Suivre Jésus, ce n'est pas d'abord faire des actes religieux comme participer à la messe, prier, lire la Bible, etc. Beaucoup d'entre vous m'ont dit : "Quand j'étais dehors, je n'allais plus à la messe depuis longtemps ; prière et lecture de la Bible étaient de vieux souvenirs. Et quand je serai sorti d'ici, il n'est pas sûr du tout que je remette les pieds dans une église chaque dimanche". Mais est-ce bien là l'important ? Nous connaissons cette parole de Jésus : "Ce ne sont pas ceux qui disent : Seigneur ! Seigneur ! qui entreront dans le Royaume de Dieu mais ceux qui font la volonté de mon Père". Autrement dit, ce qui compte, ce ne sont pas les prières que nous faisons, mais c'est la vie que nous menons, les actes que nous posons ou ne posons pas. C'est notre relation aux autres et surtout aux plus démunis et aux plus faibles. C'est, malgré tout, malgré toutes les sollicitations et tentations, malgré nos conditionnements et notre liberté limitée, la façon dont nous posons de tous petits choix au quotidien. C'est la façon dont nous restons dignes de notre humanité, fidèles à nous-mêmes, à notre être profond qui est image et ressemblance de Dieu, comme dit la Bible.

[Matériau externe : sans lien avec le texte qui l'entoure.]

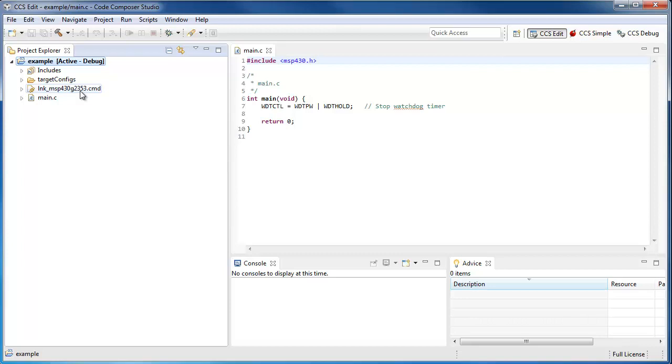Now what do you do if later on you switch to a different device? Perhaps you started with a launchpad that has one type of device on it, but when you go to develop your own board, you're using a slightly different device.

Ce qui est important, c'est que nous ayons courage de continuer à écouter l'Esprit de Jésus en nous, que nous nous efforcions de continuer à marcher avec lui, en gardant forte en nous et malgré tous les aléas de nos histoires, malgré nos errements et nos chutes parfois, la conviction que son chemin est un chemin de salut et de vie.